Negative criticism will always be there.  A lot of times it exists in our own head.  Sometimes it's a careless word from another person that sticks like a thorn in the finger.  Sometimes that person wants to hurt us, not necessarily even knowingly, but from their own insecurity and fear of trying something themselves.  So when we are venturing into this new experience that may be scary to us we need to learn  to pick the voices to listen to.  We need to learn to ignore the negative voices in our head and around us and to HEAR the voices that will help us in our process.  When I shut myself off to all the voices because of one negative voice, I lost a lot of positive help.  But when I began to listen again I was able to grow.  This is still a process for me... art is personal but even though it is I am continuing to learn to seperate myself from my work so it can grow more.

So I want to encourage you to try something creative today.  Something different.  Maybe you need to doodle something.  Or tear up some junk mail and and collage it on a piece of paper.  Here's an idea: Take a piece of paper and fold it in half, then fold that in half, then fold that in half.  Now open it up.  Take a pen, or a pencil, or a couple of crayons.  Now just using lines draw something in each section.  In the first section use 2 lines, in the next 3, then 4, and so on.  Try different angles and sizes of lines.  Make each line a different color.  Draw a thick line or a thin line or a curvy line.   The next day do it again, except maybe start with more lines.  Or use triangles, or circles.  Play this way for awhile.  Discover the infinite variety you can do with lines and shapes.  Go back and color in sections... Add glitter, get a rubber stamp, buy a tube of puffy paint...

If anybody does this I would like to see some results.  I would like to share them on this blog.  Maybe you want to hide your tries for awhile and that is okay, but sharing can open up new horizons.

Monday, September 14, 2009

More about Mosaic

The mosaic at the top of my blog was one of my early pieces.  I was inspired by a work of art I saw in a magazine and birch trees.  I love birch trees. They are quintessential Northeast environment to me.
When I see birches bend to left and right
Across the lines of straighter darker trees,
I like to think some boy's been swinging them.

Robert Frost, 'Birches'

To do this one I cut lots of little pieces of glass both with a glass cutter and my leponitt wheeled nippers.  I sealed a piece medium density fiberboard, painted it gold and began gluing pieces to it with my weldbond glue.  I also used some clear glass that I adhered metal leaf to for more sparkle.  I was thinking of fall and all the gorgeous color that comes in the northeast in autumn. Black grout gave it that stained glass look and I was quite happy with it until my son Brett made a comment about it that made me unsatisfied.  Your children will tell what they see quite bluntly.  But one day I found these little glass flat marbles in shades of amber.  So those were adhered to the picture with clear 'goop' and it was complete.  Now I am told by my family that I cannot sell it.  But if someone makes me a good offer...well, for me it's more about the process than the product.

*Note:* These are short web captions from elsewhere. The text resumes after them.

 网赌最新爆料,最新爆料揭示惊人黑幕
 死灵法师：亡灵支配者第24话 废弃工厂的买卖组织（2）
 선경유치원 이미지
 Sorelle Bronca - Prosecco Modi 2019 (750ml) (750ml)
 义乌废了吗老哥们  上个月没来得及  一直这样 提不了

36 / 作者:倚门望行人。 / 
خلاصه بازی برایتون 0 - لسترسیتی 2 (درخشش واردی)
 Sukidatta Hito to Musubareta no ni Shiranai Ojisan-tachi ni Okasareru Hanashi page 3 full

Another mosaic we did was for a shower that was supposed to feel like a jungle. In this process I draw the design on brown builder's paper, cover the paper with plastic dropcloth, then mosaic fiberglass mesh.  The pieces are glued to the mesh.  When it is done and the glue is dry, we cut it in pieces and take them to the place of installation, so instead of working piece by piece on a wall, you are laying sheets of the mosaic to the wall.  Much faster and easier to install.

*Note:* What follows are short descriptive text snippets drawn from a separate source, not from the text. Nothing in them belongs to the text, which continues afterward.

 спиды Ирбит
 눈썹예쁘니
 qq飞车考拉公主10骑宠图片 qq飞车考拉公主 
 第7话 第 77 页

This shower turned out well.  Of course the client was my son and his wife and they even got their little frog tile in the mosaic.  Now they shower or bathe in a jungle.

Our home is a place where we reconnect with ourselves and our families.  Our environment should be something that enriches us and reminds us that life is short and we should live it.  Maybe you feel unable to do a large mosaic or even a small one, or you can't afford to hire someone like me to do it for you, but you can always throw some color on a wall and hang a giant print of a painting or a photo that makes you happy.  Life is far too short for beige walls and white ceilings,(unless those colors truly refresh you).  Take a risk, do something that will make you smile!

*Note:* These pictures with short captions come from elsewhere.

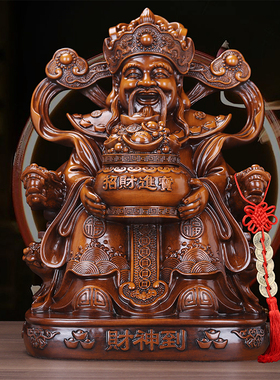办公室摆件文财神爷佛像招财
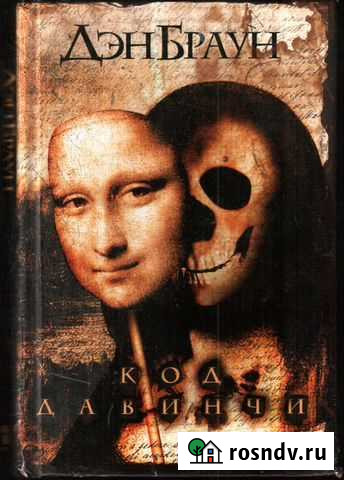 Книга Дэна Брауна Код да Винчи Липецк - изображение 1
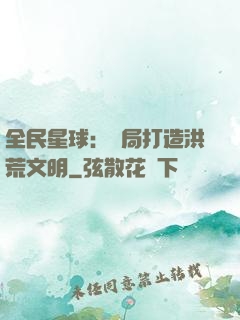 全民星球：開局打造洪荒文明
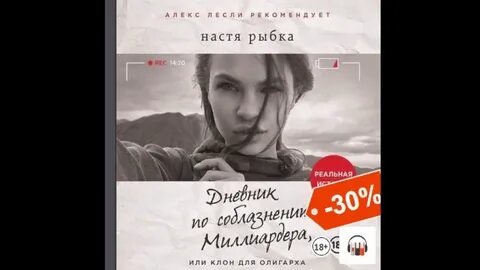 Дневник рыбка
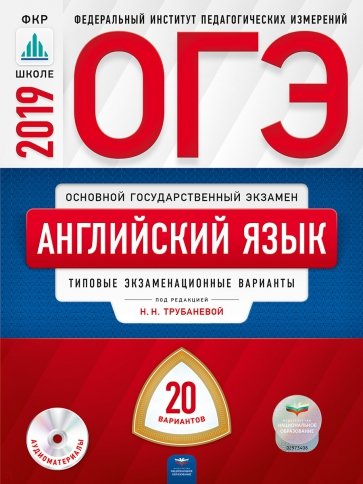 ОГЭ-19 Английский язык [Типовые экз.вар] 20вар
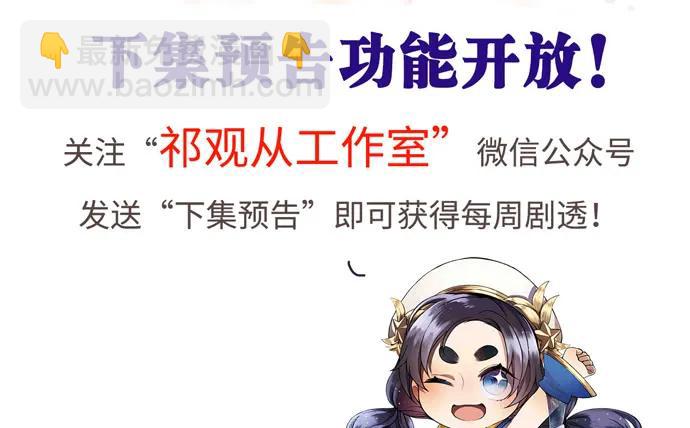 180.你的回答是&hellip;？(1/3)-第171话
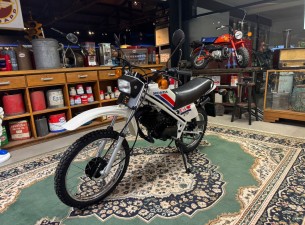 1980 Honda MT-5 Wit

Sunday, September 13, 2009

Mosaicing...is that a word?

 My most recent work, the front porch

A few years ago I started doing mosaics.  I found this art form/craft to be deeply satisfying.  I think of all the artforms I explore that mosaic is to me a picture of redemption.  Here is this art that takes pieces of stuff, usually tile of some sort, but also everything from broken china to old toys, stuff that might be discarded or overlooked and puts it all together into something new and beautiful.  Beauty from brokenness.

To do a mosaic I often smash things.  A pizza box , a tile, and a hammer is all you need.  Put the tile in the pizza box and begin to smash it.  This can be a lot of fun.  I like to use a pizza box because it keeps the pieces contained and you can keep lifting the lid to see if you have smashed it enough.  Sometimes things get smashed for me.  I am probably one of the few mothers around here that doesn't care if a dish gets broke,  (well, that is not entirely true,  I will never buy square plates again, even though they do look cool.  Way too easily broken.)I have a big pink rubbermaid container that I call my boneyard that I throw broken china into for use someday.  I was actually digging through it tonight.

And to me that is another metaphor, because sometimes those broken bits can sit in the boneyard for years before I find a use for them.  I wonder if they wonder if they will ever be whole again?  Like we do when our lives get smashed to pieces.  We may never be the same, but we can still be something beautiful, it just might take time for the new artwork to be completed.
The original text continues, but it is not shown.